Some Things Never Change

Some things never change.

This time last year Mike was stacking wood and shoveling snow (I just read last year’s newsletter!) in a “blustery 18 degrees” and today he does the same in 9 degrees of blowing snow. I’m comfy in my fuzzy pink bathrobe by the fire, still determined to give the snail-mail authorities a little extra business this year.

Our family continues to grow!

Travel this past year included two weeks in California where I was honored to help my sister Christine and her children with my brother-in-law Keith’s transition from this world to the next, my trip to Smith College to speak on a panel at their Leadership Conference, a trip to sister Carol’s to visit with Mum and sister Charlene, an unexpected trip to Hilton Head to visit with author Janet Sheppard Kelleher (where I parasailed and avoided gators and dropped my phone in the ocean and put together my book Haikus Can Amusebecause I dropped my phone in the ocean), a week in Maine to visit with my Mum and family at Susie and Jim’s gorgeous waterfront home, a road trip to visit Jake in Austin and another couple of weeks in the trailer at Moab and Lake Powell with Mike and the Ranger-dog.
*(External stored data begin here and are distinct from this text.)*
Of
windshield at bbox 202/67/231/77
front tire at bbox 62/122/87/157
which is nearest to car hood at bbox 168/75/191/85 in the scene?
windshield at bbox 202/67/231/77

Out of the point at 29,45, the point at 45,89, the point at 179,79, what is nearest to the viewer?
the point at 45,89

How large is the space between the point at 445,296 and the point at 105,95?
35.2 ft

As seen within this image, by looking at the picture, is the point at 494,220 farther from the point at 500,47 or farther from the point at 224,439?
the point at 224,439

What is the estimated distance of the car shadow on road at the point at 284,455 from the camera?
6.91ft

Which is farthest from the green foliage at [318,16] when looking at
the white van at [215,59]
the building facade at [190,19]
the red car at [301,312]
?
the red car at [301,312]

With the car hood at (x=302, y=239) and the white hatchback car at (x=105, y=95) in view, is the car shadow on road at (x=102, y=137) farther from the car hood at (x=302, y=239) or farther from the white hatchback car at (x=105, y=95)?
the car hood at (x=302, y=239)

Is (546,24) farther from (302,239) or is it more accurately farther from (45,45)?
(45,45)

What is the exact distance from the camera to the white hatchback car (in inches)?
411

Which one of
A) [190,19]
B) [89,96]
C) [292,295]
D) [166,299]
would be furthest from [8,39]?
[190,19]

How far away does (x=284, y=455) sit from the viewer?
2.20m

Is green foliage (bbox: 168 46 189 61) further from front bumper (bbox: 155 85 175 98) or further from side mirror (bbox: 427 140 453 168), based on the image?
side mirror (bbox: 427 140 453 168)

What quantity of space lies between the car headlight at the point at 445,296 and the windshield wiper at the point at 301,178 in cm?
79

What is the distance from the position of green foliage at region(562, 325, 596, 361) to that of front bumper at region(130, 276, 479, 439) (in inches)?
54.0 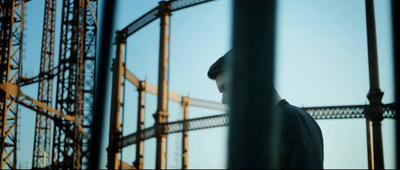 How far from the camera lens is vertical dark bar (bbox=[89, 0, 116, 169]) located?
1.20 m

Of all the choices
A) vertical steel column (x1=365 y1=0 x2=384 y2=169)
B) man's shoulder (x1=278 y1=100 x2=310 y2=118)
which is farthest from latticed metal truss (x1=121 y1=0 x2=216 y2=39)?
man's shoulder (x1=278 y1=100 x2=310 y2=118)

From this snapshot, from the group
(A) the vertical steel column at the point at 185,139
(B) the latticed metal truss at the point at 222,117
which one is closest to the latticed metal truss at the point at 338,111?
(B) the latticed metal truss at the point at 222,117

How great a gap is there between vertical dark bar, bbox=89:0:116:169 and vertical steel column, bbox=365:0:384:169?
45.8 feet

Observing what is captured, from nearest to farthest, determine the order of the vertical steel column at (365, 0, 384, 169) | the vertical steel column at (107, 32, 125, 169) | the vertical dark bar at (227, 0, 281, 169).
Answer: the vertical dark bar at (227, 0, 281, 169) → the vertical steel column at (365, 0, 384, 169) → the vertical steel column at (107, 32, 125, 169)

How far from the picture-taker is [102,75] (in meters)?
1.21

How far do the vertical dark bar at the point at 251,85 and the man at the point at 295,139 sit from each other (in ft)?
1.53

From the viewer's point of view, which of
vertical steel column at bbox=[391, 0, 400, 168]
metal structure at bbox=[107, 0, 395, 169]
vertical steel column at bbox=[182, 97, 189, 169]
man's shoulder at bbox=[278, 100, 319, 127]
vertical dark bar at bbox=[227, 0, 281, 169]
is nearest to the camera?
vertical dark bar at bbox=[227, 0, 281, 169]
I’m becoming quite the Stand-Up-Paddleboarder and absolutely love being on the water! There were also several Colorado road trips to attend various author events at schools and libraries. Pitch: Please support your local libraries! They do much to support their communities and their local authors.
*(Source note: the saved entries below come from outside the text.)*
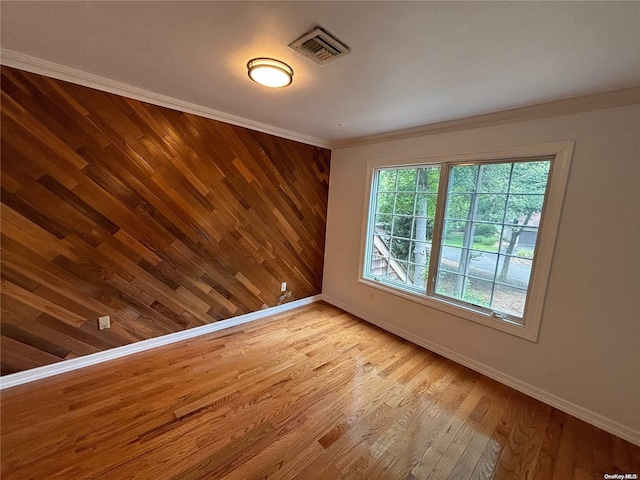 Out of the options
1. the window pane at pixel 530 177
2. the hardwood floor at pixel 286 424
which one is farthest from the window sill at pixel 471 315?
the window pane at pixel 530 177

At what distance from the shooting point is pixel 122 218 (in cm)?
229

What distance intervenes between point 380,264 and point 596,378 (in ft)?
6.85

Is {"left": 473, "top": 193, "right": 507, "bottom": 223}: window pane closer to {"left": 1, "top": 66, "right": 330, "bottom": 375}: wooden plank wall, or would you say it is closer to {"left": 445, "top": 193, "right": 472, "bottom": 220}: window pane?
{"left": 445, "top": 193, "right": 472, "bottom": 220}: window pane

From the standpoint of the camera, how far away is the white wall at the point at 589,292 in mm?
1771

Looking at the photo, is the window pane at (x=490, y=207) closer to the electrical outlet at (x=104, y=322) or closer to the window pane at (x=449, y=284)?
the window pane at (x=449, y=284)

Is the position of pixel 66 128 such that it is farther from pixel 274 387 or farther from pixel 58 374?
pixel 274 387

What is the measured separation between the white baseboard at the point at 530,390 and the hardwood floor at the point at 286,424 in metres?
0.07

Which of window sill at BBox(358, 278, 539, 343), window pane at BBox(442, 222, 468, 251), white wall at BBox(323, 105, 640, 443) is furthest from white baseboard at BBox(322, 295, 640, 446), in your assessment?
window pane at BBox(442, 222, 468, 251)

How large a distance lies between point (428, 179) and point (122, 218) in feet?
10.1

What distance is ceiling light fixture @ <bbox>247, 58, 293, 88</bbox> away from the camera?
65.2 inches

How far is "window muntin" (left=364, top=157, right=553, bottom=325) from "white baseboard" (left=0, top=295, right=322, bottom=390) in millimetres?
1777

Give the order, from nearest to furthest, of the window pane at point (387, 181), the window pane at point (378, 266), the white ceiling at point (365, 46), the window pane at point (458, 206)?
the white ceiling at point (365, 46) → the window pane at point (458, 206) → the window pane at point (387, 181) → the window pane at point (378, 266)

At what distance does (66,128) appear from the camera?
1.99 meters

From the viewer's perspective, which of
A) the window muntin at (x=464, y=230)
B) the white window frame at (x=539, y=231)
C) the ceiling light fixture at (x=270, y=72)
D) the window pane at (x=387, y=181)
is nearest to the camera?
the ceiling light fixture at (x=270, y=72) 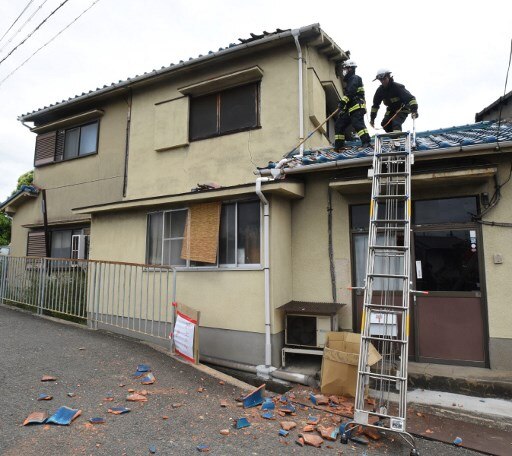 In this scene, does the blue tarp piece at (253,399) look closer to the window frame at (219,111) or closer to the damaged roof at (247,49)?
the window frame at (219,111)

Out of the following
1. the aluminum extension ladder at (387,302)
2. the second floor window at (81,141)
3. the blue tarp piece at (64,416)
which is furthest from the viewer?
the second floor window at (81,141)

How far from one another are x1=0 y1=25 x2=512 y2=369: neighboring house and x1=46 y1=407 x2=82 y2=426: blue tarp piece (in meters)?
2.86

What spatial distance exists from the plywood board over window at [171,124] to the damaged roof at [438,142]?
2904 millimetres

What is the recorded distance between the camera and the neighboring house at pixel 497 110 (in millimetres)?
7589

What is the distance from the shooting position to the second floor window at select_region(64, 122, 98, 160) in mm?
10408

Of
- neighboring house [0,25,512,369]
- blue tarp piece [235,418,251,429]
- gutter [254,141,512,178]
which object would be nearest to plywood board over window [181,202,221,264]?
neighboring house [0,25,512,369]

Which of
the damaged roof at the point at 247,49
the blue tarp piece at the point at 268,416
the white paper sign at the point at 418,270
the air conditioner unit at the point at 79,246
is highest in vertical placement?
the damaged roof at the point at 247,49

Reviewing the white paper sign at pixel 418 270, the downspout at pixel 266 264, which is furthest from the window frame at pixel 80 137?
the white paper sign at pixel 418 270

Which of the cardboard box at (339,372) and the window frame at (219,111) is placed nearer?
the cardboard box at (339,372)

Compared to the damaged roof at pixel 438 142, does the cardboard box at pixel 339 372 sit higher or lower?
lower

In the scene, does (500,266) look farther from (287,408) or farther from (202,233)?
(202,233)

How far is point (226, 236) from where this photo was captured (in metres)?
6.51

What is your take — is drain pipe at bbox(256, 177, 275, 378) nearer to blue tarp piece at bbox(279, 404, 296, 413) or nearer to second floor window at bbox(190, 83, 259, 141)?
blue tarp piece at bbox(279, 404, 296, 413)

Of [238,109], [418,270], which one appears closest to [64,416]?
[418,270] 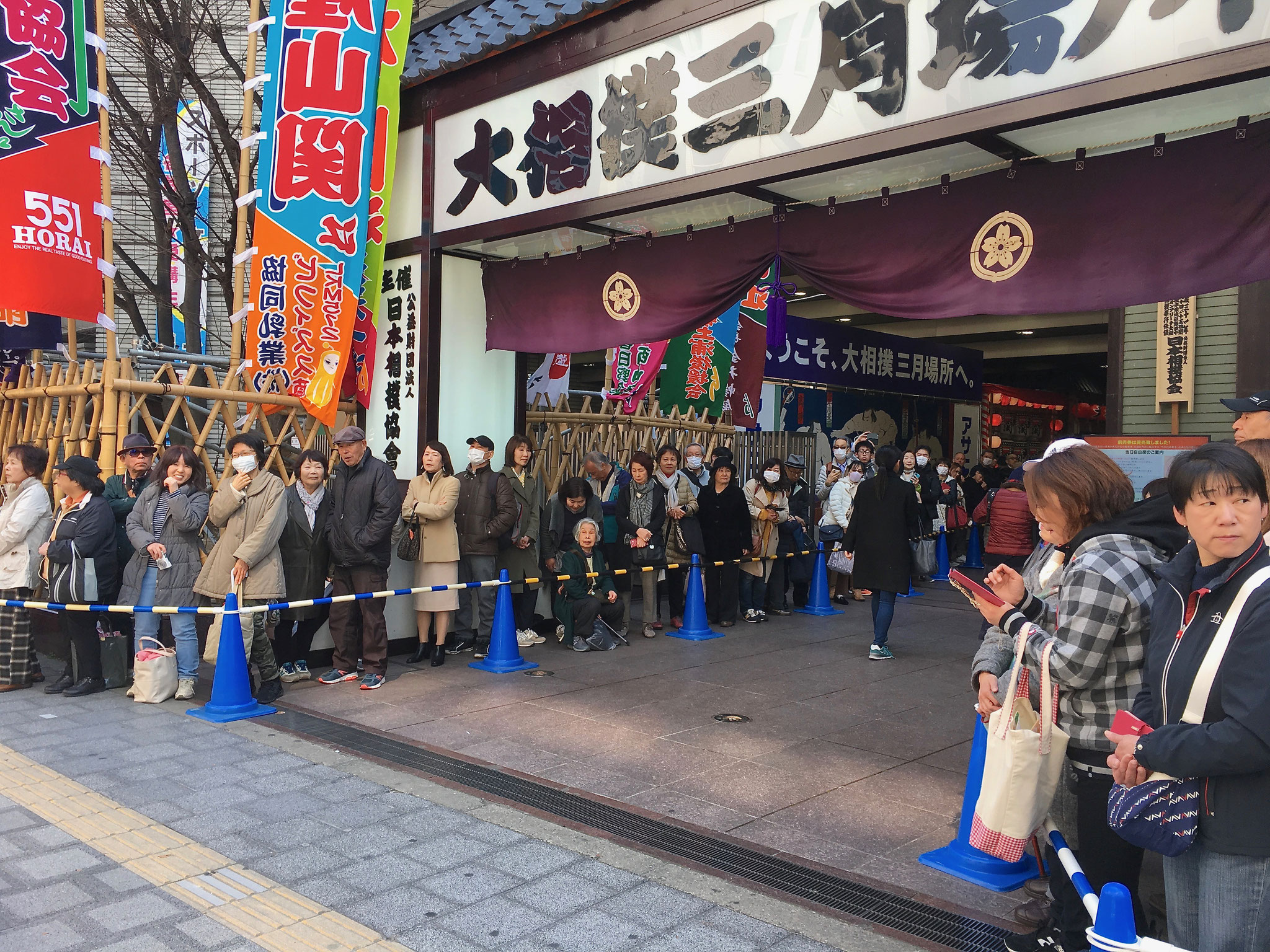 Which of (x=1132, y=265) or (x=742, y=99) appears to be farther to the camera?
(x=742, y=99)

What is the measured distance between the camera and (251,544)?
7082mm

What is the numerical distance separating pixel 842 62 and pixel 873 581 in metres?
4.57

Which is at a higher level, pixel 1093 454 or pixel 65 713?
pixel 1093 454

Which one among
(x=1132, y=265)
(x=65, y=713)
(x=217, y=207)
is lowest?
(x=65, y=713)

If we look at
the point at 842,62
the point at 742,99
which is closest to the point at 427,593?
the point at 742,99

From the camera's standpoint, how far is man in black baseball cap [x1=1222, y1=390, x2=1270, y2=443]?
4.46 m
Summit Library’s Teen Reading Program director went all out for my visit with her group!

I continue to write and publish my books on Amazon and blog at www.leadvillelaurel.com about lots of things including another no-kill hunting season and my first warm elk harvesting from an early morning roadkill call. We finally had a legitimate reason to purchase a separate freezer. Waterwight hit the streets on Leap Day. It was great fun to write, and now I’m working on Waterwight: Flux, the second book in the series. I have a feeling 2017 will be a year of great productivity as I have several other writing projects in various stages of completion already.
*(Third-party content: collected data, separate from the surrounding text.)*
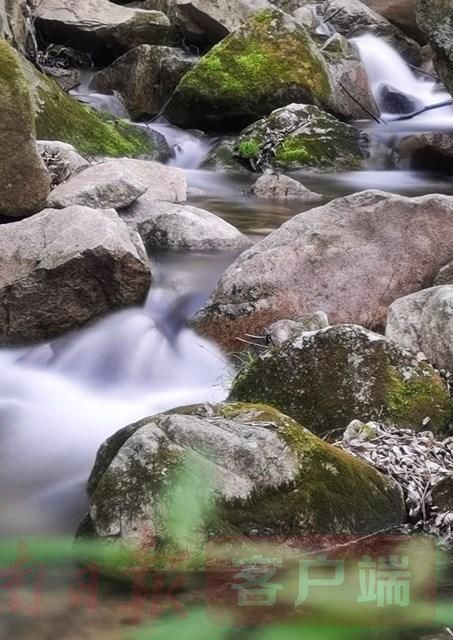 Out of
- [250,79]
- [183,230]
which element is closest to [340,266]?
[183,230]

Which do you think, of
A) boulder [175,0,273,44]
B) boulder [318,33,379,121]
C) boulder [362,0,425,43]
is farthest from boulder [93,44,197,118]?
boulder [362,0,425,43]

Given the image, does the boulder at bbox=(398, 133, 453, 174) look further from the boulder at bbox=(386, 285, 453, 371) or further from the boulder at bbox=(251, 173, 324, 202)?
the boulder at bbox=(386, 285, 453, 371)

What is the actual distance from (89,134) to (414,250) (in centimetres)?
627

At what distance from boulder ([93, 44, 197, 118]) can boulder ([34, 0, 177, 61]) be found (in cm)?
120

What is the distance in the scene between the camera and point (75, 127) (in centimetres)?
1021

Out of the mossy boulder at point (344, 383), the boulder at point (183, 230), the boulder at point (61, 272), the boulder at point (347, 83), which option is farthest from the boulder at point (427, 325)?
the boulder at point (347, 83)

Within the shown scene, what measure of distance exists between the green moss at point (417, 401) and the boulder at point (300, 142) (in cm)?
808

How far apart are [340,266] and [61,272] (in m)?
1.71

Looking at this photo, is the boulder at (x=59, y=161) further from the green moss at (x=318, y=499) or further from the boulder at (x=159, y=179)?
the green moss at (x=318, y=499)

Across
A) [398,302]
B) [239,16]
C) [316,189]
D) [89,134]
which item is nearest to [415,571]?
[398,302]

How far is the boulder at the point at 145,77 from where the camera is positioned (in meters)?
14.4

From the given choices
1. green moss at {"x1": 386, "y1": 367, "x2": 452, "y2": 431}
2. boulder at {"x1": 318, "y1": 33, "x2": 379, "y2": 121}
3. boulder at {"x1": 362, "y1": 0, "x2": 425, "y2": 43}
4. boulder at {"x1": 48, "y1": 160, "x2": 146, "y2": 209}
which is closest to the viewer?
green moss at {"x1": 386, "y1": 367, "x2": 452, "y2": 431}

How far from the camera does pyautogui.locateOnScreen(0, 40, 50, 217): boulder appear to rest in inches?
242

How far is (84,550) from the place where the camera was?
2904mm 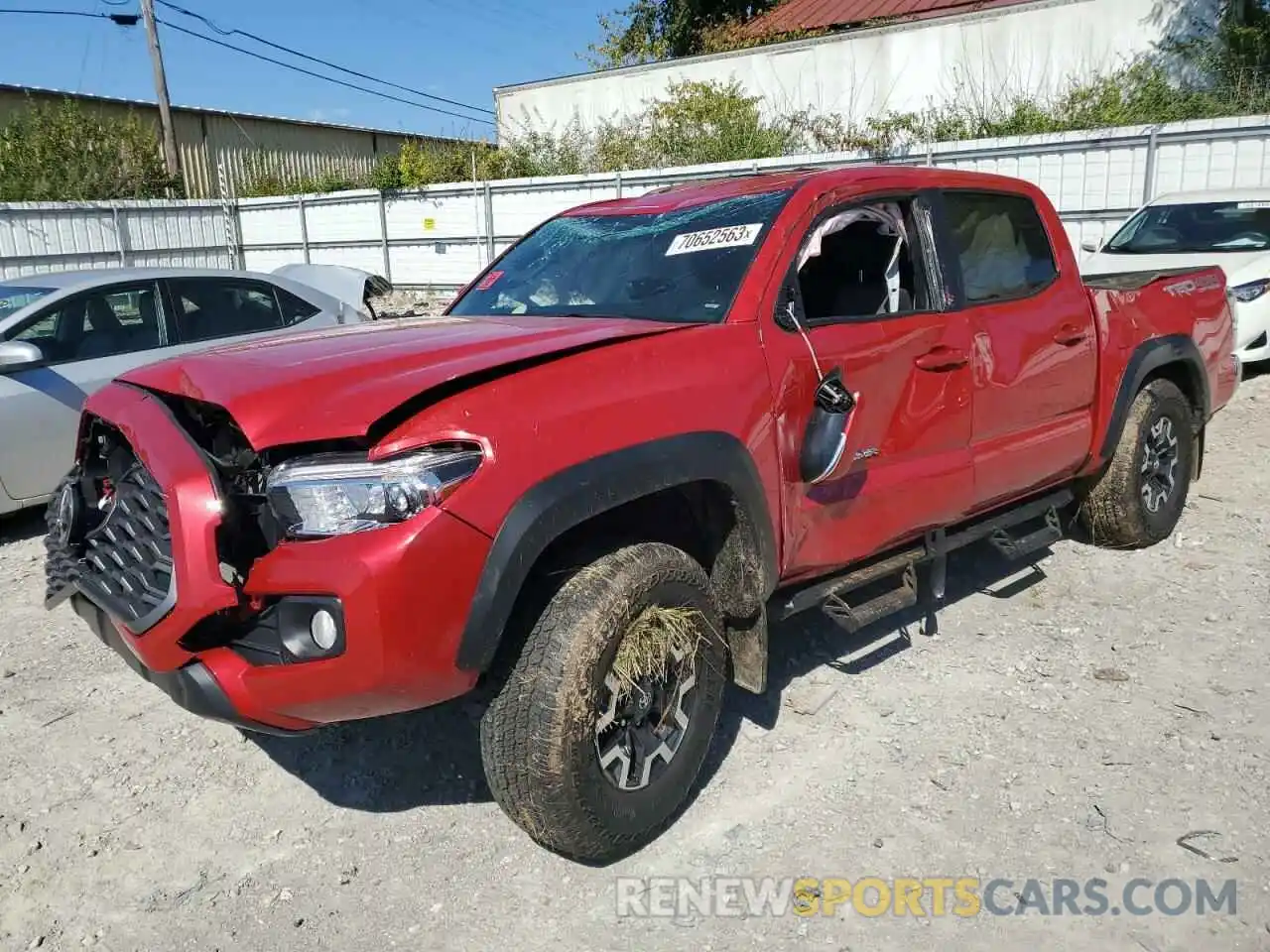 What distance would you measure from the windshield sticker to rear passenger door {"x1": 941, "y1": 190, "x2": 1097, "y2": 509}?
3.10 feet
Wildfires are always scary.

Training for and competing in his 11th one-hundred-mile mountain bike race this summer just wasn’t exciting enough for Mike, and though it wasn’t his plan, he ended the race in time to manage one of many of the wildfires in Colorado last summer. After several exhausting days he returned to a structure fire, and as soon as he was convinced all was in control, I drove him to Denver to have his second hip replacement, but not before I sent him off to California to climb mountains with his brother Mark over Labor Day weekend. He had to make sure he used up every last bone surface and I had to get him out of the house to compete in a 3-Day Novel contest. By the way, he’s now quite happy being Titanium Man, and I wrote my best piece of fiction ever. Not sure what the county would do without his Emergency Manager expertise, and he’s pretty happy with his influence in many areas throughout our community.

Our beautiful home!

He humored me by letting me offer our home for Leadville’s Victorian Homes Tour right after Thanksgiving, for which I felt compelled to complete the installation of hardwood floors in several rooms. We had a toilet in our living room until the day before Thanksgiving and couldn’t really use the kitchen for the whole week prior, but that didn’t stop me from being able to feed an Army Thanksgiving afternoon.

Have I mentioned what a great guy my husband is?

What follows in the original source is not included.